Monday, January 03, 2011

Drummore Castle, Kirkcudbright

Drummore Castle (fort)
Near Kirkcudbright
Dumfries and Galloway

Not a castle as such I know, but worthy of its place on this blog none the less. This is a an ancient hill fort, visible from the minor road that leads from the Lake (South of Kirkcudbright) in a three mile loop back to the Townhead Road. The hills within this looping road are littered with other minor forts, the remains of small stone circles and stones with cup and ring carvings.

Above. The wooded area to the left of the photo shows where the fort is located.

The fort measures around two hundred and ten by one hundred and sixty feet, and sits on the summit of Castle Hill (aptly enough!) Apparently, visible beneath the overgrown summit of this small hill, there is a stone rampart running almost the full circumference of the hill, with an opening on the North East side. Below this top rampart, there is a ditch and another stony rampart, possibly added at a later date, further strengthening the position this fort holds.

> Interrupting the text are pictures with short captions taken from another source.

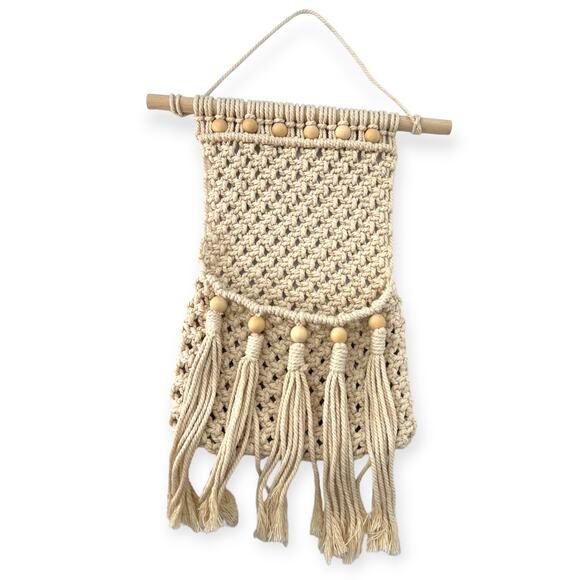 Macrame Wall Hanging Decor Pocket Fringe Storage Boho Wooden Bead Rope 20"X12" - Picture 1 of 4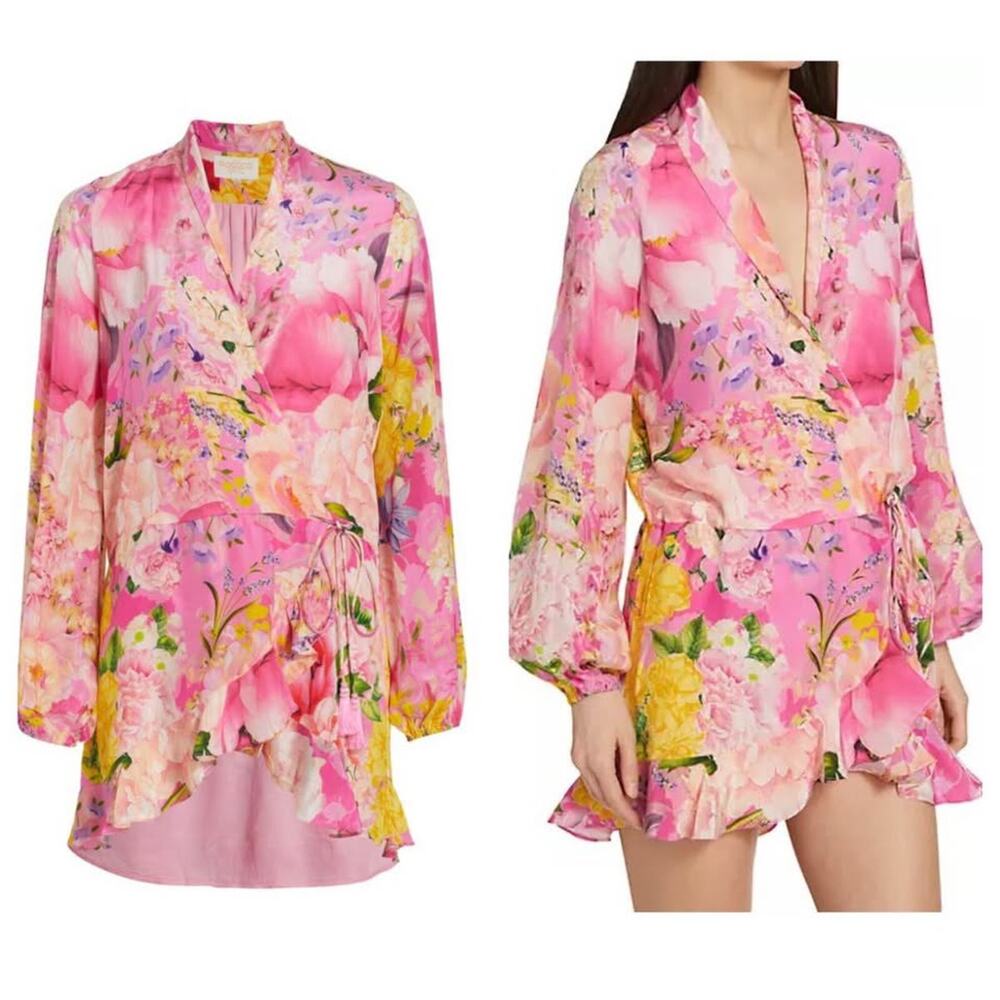 Rococo Sand Leona Floral Print Surplice Neck Ruffle Mini Dress Pink Size XS
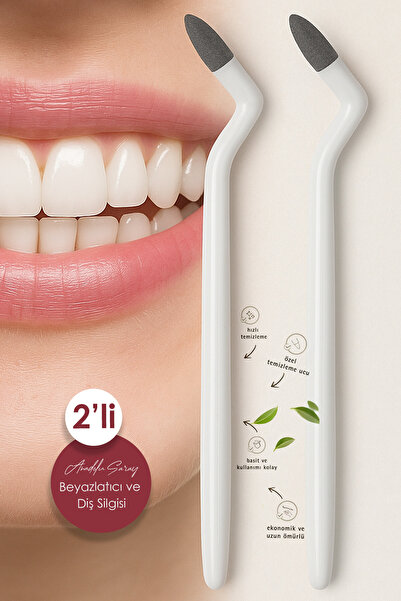 Anadolu Saray 2li Beyazlatıcı ve Diş Silgisi Ortodonti Diş Fırçası Diş Leke ve Tartar Çıkarıcı Ağız Bakım Fırçası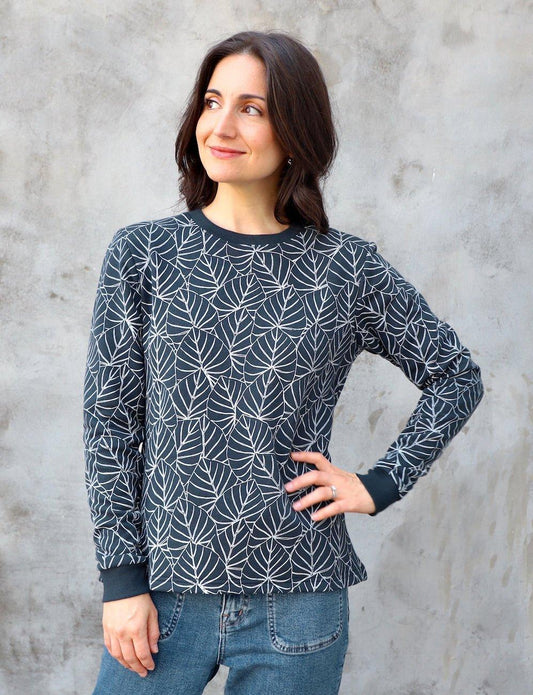 Botanical Navy Organic Fleece Sweater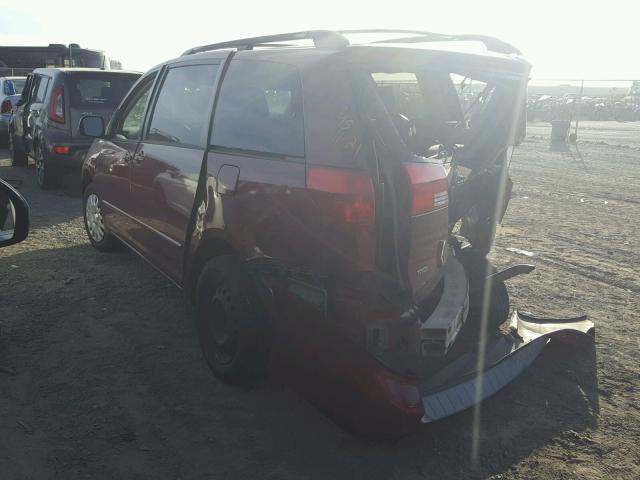 5TDZA23C64S067730 - 2004 TOYOTA SIENNA CE BURGUNDY photo 3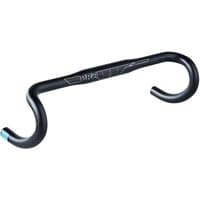 Black Pro LT Compact Alloy Handlebar, 40cm width, with ergonomic drops and subtle branding on the top bar.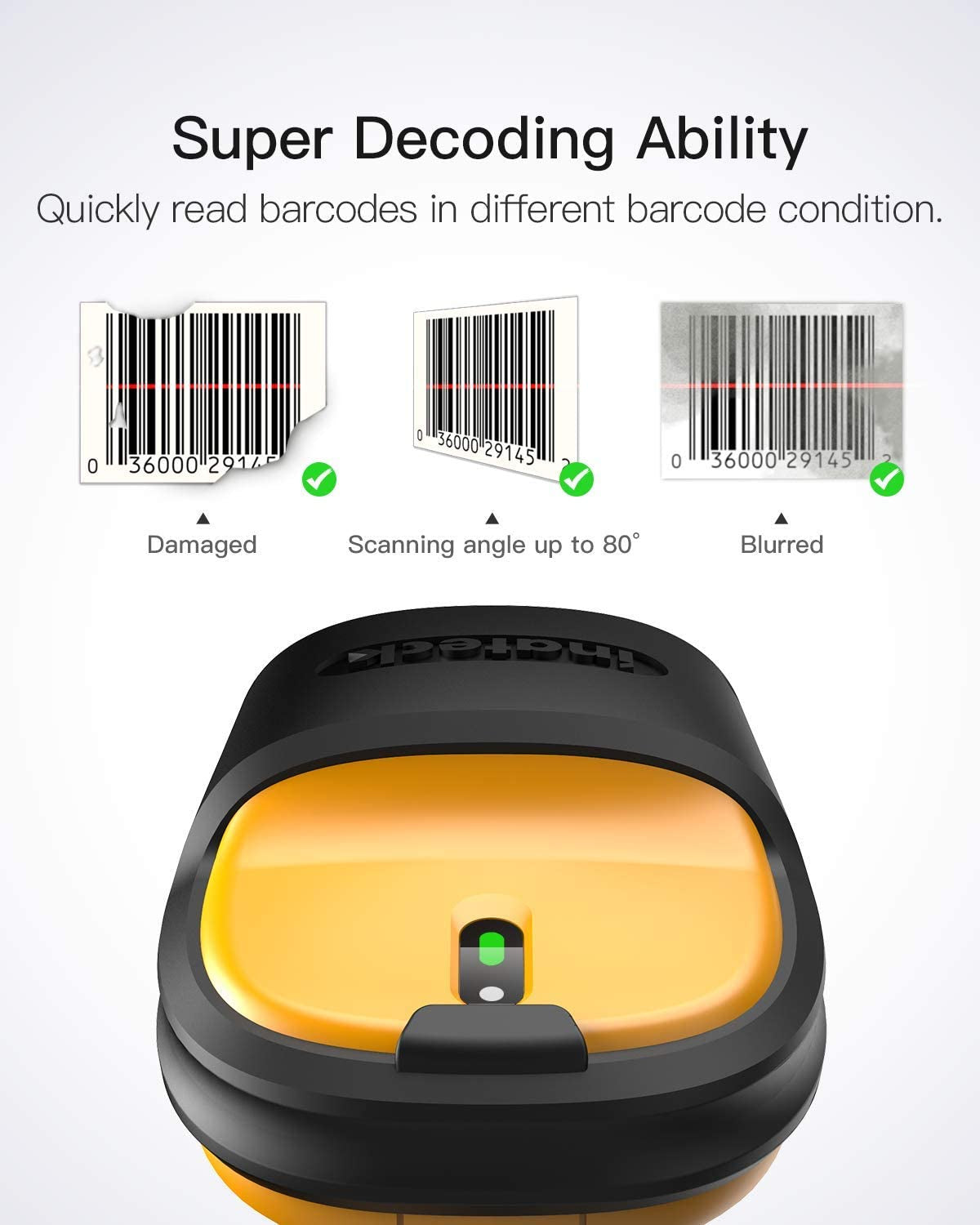 inateck Barcodescanner P6 Yellow Kit Wireless 1D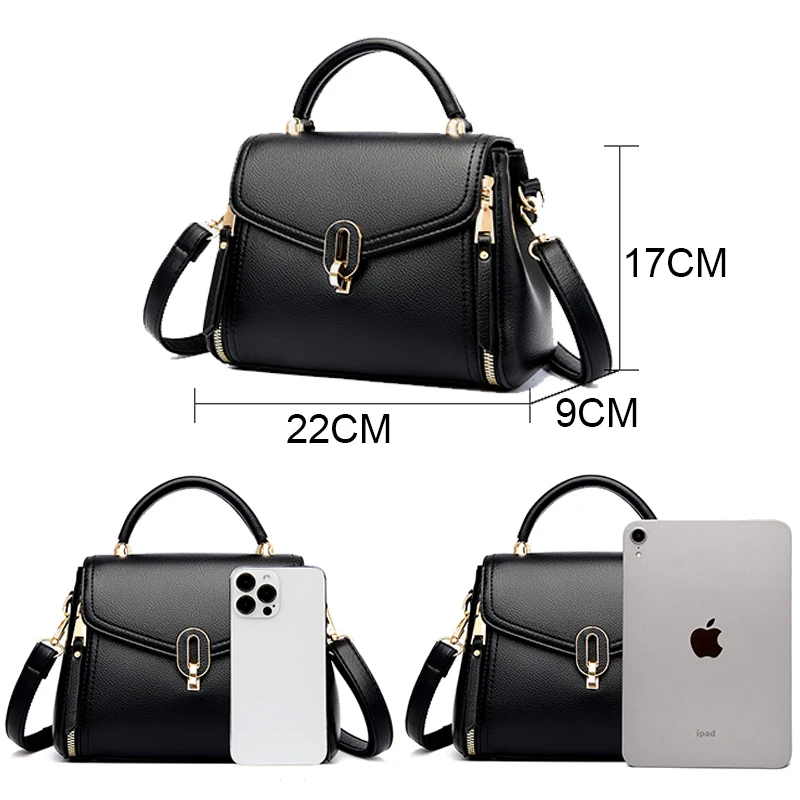 Fashion Multiple Pockets Soft Leather Bag High Quality Bottom Rivet Handbag Luxury Designer Crossbody Shoulder Bag For Women Sac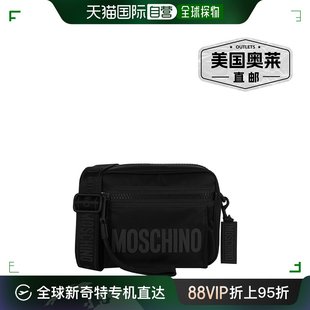 直发 美国奥莱 梦幻印花黑色 moschino徽标斜挎包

Above. Plan of Drummore Fort from The Motes, Forts and Doons of the Stewartry of Kirkcudbright, by Frederick R. Coles

In his report of 1891, Frederick Coles stated that the ramparts were still imposing and strong, suggesting to him that the fort was constructed with one thing in mind....defence. He also stated that two wells were still visible in amongst the thick vegetation at the summit of the hill, indicating that the fort was meant to be inhabited. The fort occupies an area of 430 by 250 feet, with a central, rough area measuring 207 by 174 feet from rampart to rampart. The ditches, were, at Coles' time, from 6 to 18 feet wide, and around 8 feet deep.